Part II of Unpacking the National Association of Realtors Antitrust Lawsuit
By HESSEL EVELAAR | Special to the Palisadian-Post
Well … here we are. The National Association of Realtors settled its months-long lawsuit, making waves and sparking headlines all over the United States. The settlement came much faster than expected and resulted in NAR paying a whopping $418 million over the next four years.
Before we dive in, let’s recap the exact reason NAR—and most every major brokerage in the country—was being sued. The accusation was that agent’s commissions and, by extension, home prices were artificially inflated by commingling brokers forcing the 6% commission structure on home sellers.
The settlement officially unlinked the commission compensation paid to buyer’s agents by the seller from being advertised on the Multiple Listing Services (MLSs, for short), which are the core systems used for selling one’s home. MLSs funnel data out to Zillow, Realtor.com, Homes.com and any third-party website people use to search for a home to buy.
This brings us to the first big change: Buyer’s agents can no longer see how much—if any—compensation will be paid by the seller. This allows for more negotiation and flexibility from the seller in regards commission payout.
Let’s be clear: Negotiable commissions have always been the case. As I mentioned in my last article on February 8, it’s not that some shady practice has been discovered, the commission structure was a common practice, whether or not people believed it overpriced or not, and now it’s simply been brought to public attention that they’re as negotiable as they’ve always been.
How this will play out will depend on sellers and their real estate agents. Will you pay the buyer’s agent a commission out of your sales price? How much? Will you pay anything at all? The buyer’s agent—and by extension the buyer—won’t know this until they call and ask.

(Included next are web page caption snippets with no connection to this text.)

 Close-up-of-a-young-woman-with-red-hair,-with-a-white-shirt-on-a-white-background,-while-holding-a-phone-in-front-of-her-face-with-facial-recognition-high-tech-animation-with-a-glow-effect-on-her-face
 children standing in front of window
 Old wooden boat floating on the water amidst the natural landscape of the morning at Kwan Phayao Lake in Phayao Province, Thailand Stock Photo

The second big change is in how buyer’s agents will work with their clients going forward. Going forward, working with a buyer’s agent will require a Buyer-Broker Agreement. A document, similar to a listing agreement for a seller, that stipulates the relationship between the buyer’s agent and their clients.

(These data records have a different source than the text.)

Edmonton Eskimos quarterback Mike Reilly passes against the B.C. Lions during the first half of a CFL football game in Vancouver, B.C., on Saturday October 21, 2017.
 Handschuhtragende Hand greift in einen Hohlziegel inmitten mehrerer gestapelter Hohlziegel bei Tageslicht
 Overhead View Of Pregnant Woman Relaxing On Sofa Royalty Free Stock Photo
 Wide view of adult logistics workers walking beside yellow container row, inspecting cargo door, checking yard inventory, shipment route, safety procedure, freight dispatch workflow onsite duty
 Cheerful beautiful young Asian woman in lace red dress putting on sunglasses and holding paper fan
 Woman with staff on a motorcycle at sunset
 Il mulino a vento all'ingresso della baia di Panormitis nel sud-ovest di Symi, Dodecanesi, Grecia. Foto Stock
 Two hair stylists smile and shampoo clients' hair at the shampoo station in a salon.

This will now also have to clearly stipulate what said agent’s fee will be for their services. See the caveat? Sellers have the ability to not pay any compensation at all, which means the agent’s compensation will have to be paid by the buyer.
A better title for this article would have been “are real estate agents overpaid?” As this is exactly what sparked this nationwide class action lawsuit and all subsequent fallout.
Sadly, I must admit, there are a lot of real estate agents out there who actually are overpaid. Agents who work four hours per week looking at pretty houses, go through a quick escrow with a wealthy family member and walk away with tens of thousands in their pockets.
In my years in the business I have met many of these agents, but have come to find they’re the exception to the rule. I’ve also seen this situation in any other work environment around. The son of the owner who inherits the company, the high-level exec who knew the right people, actors born into the industry, anyone?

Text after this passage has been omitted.